→ TASK DETAILS: From the records that follow, copy every line in which "Dress" appears.

══ RECORDS PROVIDED ══

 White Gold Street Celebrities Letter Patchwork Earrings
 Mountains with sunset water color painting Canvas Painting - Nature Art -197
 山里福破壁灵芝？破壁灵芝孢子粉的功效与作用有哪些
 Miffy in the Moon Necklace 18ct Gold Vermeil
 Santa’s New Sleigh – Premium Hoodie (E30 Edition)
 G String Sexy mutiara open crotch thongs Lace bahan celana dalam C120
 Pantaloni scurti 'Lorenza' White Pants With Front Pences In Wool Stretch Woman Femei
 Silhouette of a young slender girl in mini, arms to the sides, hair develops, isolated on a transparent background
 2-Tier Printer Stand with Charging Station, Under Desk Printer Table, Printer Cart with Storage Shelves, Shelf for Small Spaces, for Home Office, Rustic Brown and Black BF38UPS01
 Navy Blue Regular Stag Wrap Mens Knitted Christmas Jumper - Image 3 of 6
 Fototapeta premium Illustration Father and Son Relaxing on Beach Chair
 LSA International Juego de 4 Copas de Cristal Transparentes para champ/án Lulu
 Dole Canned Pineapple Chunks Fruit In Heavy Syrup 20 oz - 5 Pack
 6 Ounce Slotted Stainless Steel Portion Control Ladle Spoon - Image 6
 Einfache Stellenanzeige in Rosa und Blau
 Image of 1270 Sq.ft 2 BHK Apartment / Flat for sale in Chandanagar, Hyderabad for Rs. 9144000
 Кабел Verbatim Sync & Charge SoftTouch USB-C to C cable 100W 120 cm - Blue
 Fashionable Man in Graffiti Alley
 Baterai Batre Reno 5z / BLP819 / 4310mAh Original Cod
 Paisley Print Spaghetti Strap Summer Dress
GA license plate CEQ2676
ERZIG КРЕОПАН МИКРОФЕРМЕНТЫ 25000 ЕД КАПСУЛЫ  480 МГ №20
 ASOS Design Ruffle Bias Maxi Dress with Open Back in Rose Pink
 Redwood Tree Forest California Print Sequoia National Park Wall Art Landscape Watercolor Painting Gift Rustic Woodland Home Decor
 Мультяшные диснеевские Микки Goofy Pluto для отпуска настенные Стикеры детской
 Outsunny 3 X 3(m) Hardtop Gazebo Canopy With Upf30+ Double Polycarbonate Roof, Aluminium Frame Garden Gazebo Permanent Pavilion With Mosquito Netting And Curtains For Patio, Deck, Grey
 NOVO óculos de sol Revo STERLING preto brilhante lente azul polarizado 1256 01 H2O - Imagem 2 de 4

═══

→ FINISHED EXERCISE:
 Paisley Print Spaghetti Strap Summer Dress
 ASOS Design Ruffle Bias Maxi Dress with Open Back in Rose Pink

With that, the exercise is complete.